# [EXERCISE OBJECTIVE]
Images don't belong in the copy. Output the rest of the data exactly.

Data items
═══
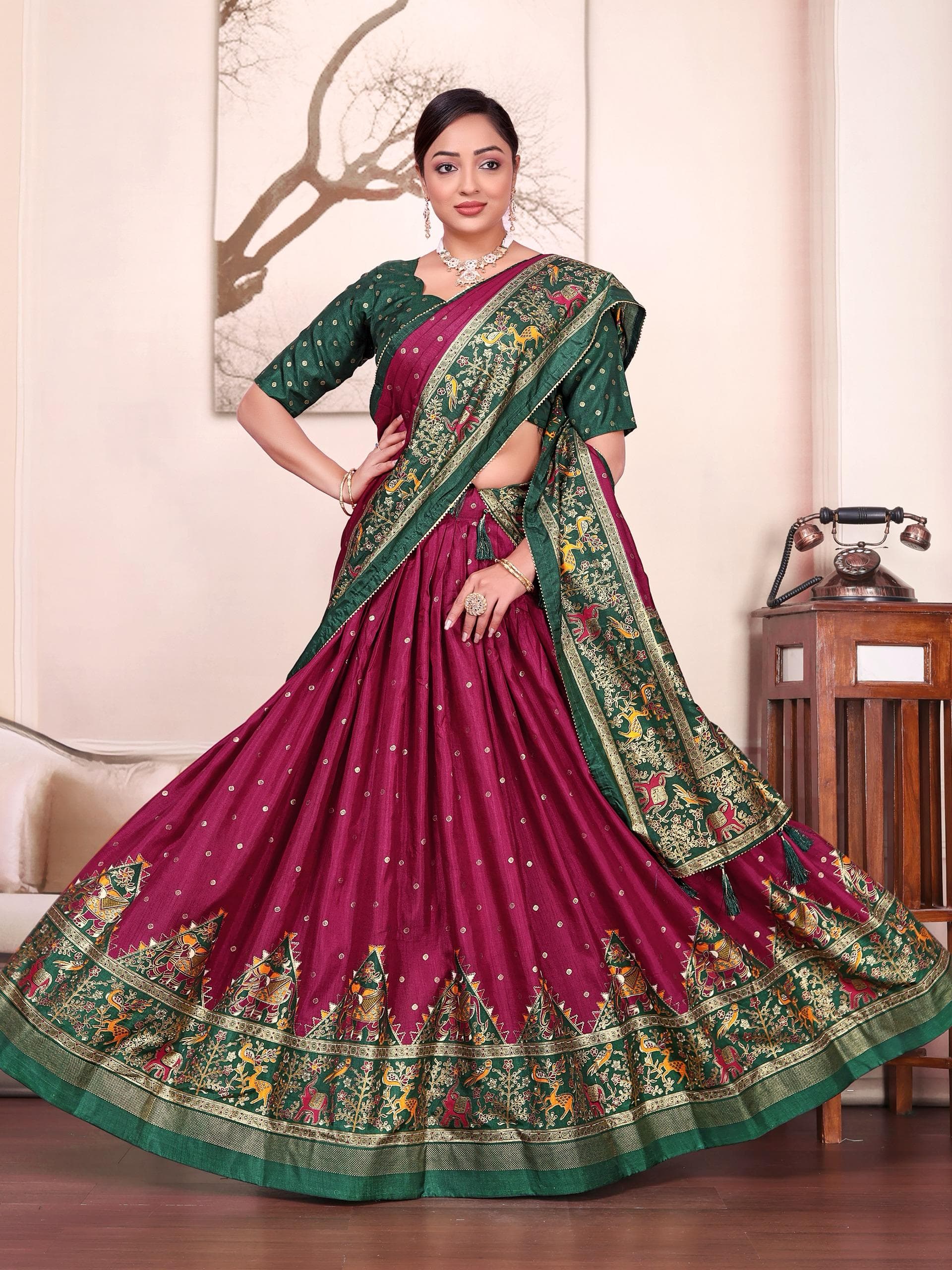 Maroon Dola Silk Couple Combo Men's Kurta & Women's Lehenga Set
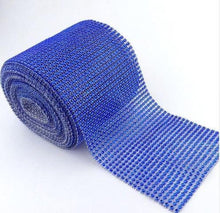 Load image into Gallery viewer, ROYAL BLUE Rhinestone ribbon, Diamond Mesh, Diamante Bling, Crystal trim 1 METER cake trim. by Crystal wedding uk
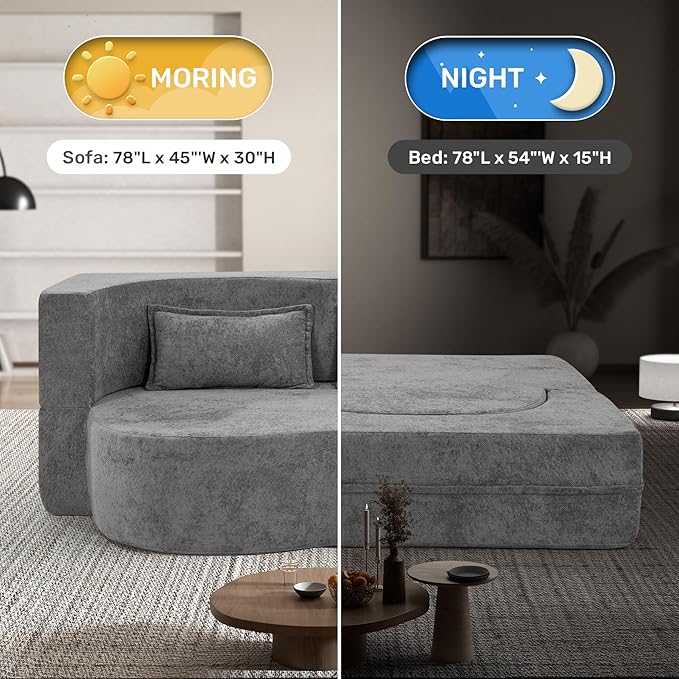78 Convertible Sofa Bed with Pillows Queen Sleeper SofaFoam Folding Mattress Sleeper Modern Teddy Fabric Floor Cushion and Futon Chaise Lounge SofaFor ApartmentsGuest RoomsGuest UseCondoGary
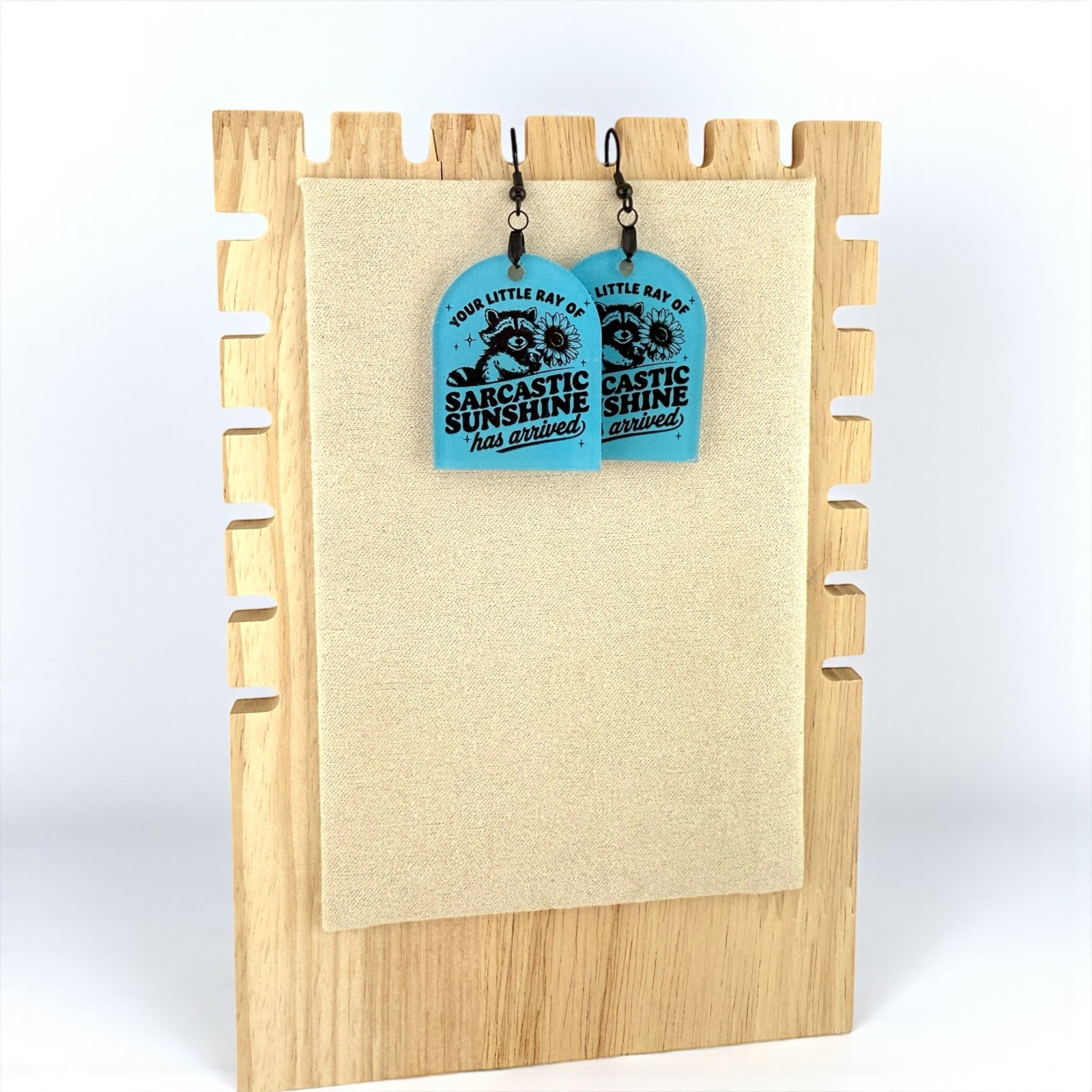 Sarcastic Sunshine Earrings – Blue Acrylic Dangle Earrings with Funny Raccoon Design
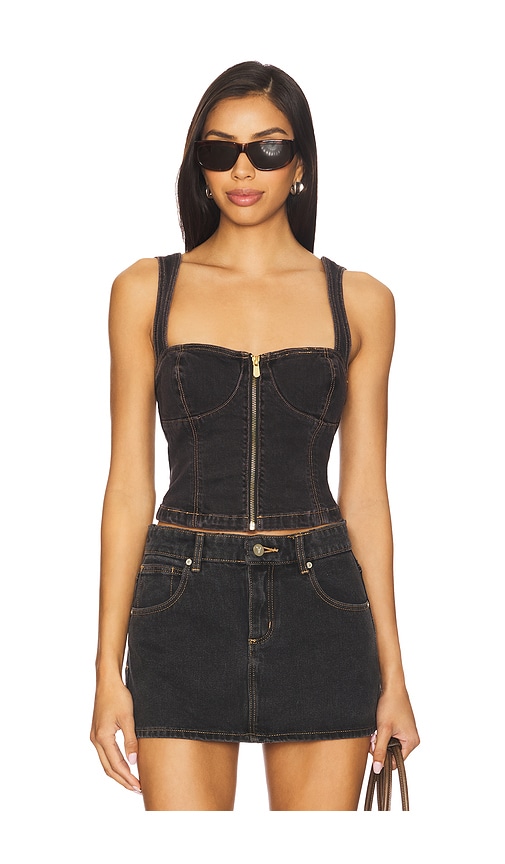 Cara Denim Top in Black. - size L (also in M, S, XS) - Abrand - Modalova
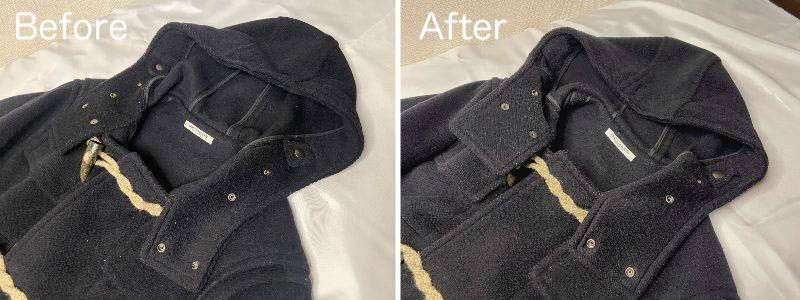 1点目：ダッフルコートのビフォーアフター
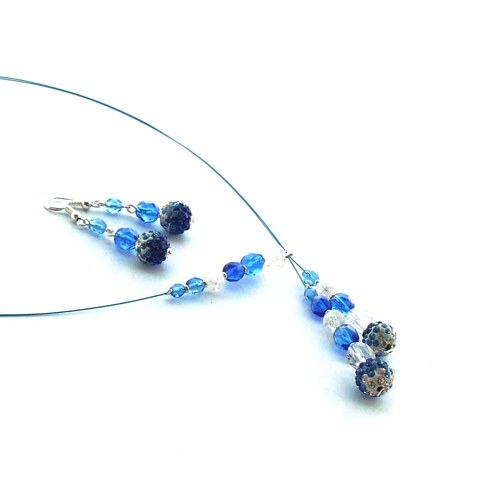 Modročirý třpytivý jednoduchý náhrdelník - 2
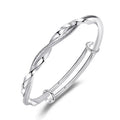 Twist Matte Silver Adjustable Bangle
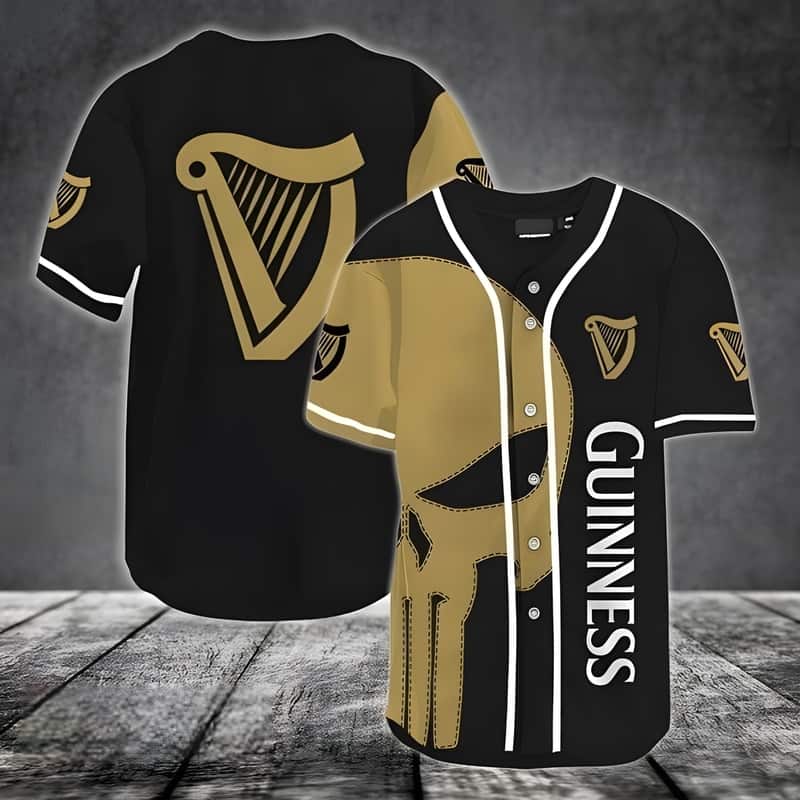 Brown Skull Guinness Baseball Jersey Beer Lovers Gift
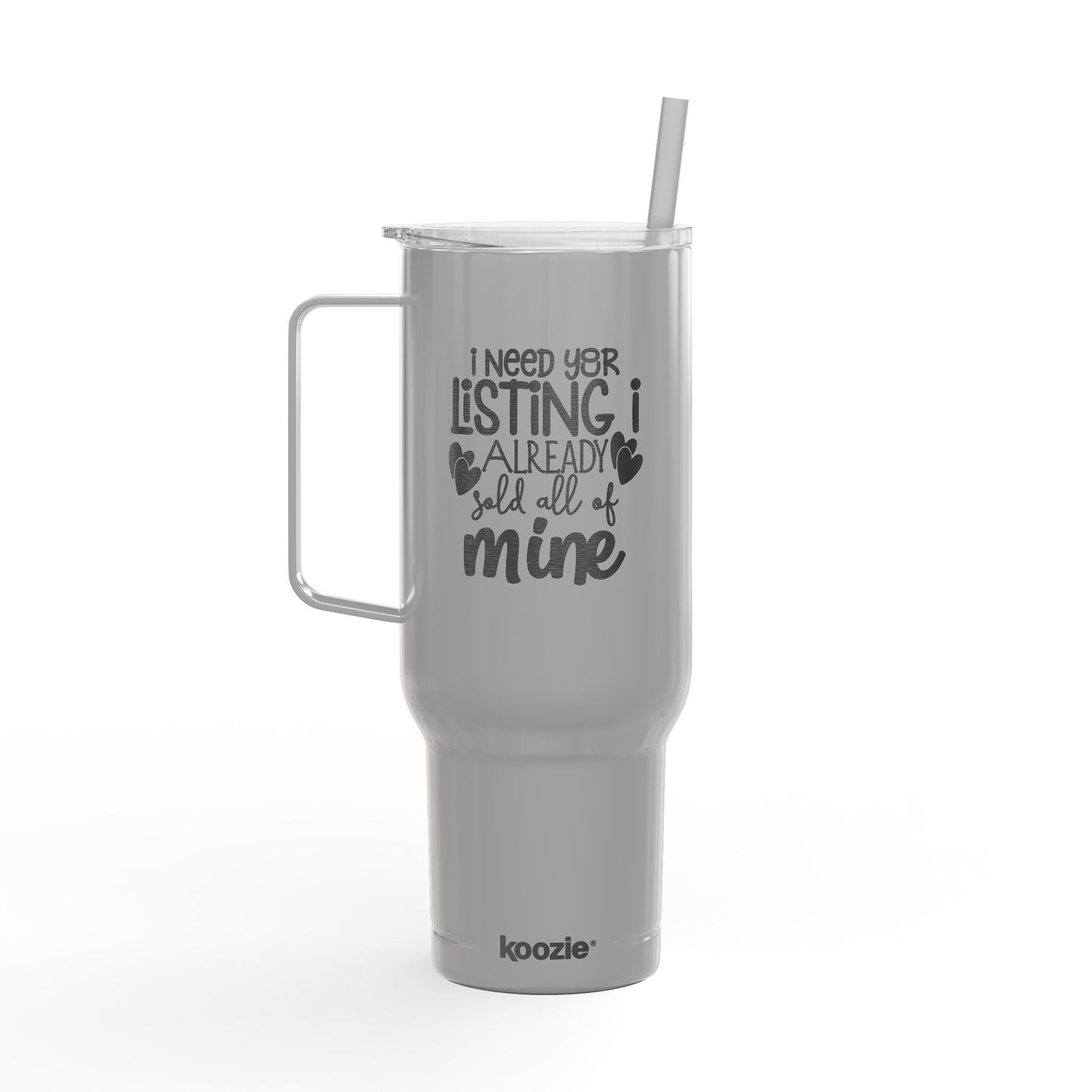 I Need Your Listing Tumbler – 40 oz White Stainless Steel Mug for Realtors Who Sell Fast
═══
# [ANSWER]
 Maroon Dola Silk Couple Combo Men's Kurta & Women's Lehenga Set
 Load image into Gallery viewer, ROYAL BLUE Rhinestone ribbon, Diamond Mesh, Diamante Bling, Crystal trim 1 METER cake trim. by Crystal wedding uk
78 Convertible Sofa Bed with Pillows Queen Sleeper SofaFoam Folding Mattress Sleeper Modern Teddy Fabric Floor Cushion and Futon Chaise Lounge SofaFor ApartmentsGuest RoomsGuest UseCondoGary
 Sarcastic Sunshine Earrings – Blue Acrylic Dangle Earrings with Funny Raccoon Design
 Cara Denim Top in Black. - size L (also in M, S, XS) - Abrand - Modalova
 1点目：ダッフルコートのビフォーアフター
 Modročirý třpytivý jednoduchý náhrdelník - 2
 Twist Matte Silver Adjustable Bangle
 Brown Skull Guinness Baseball Jersey Beer Lovers Gift
 I Need Your Listing Tumbler – 40 oz White Stainless Steel Mug for Realtors Who Sell Fast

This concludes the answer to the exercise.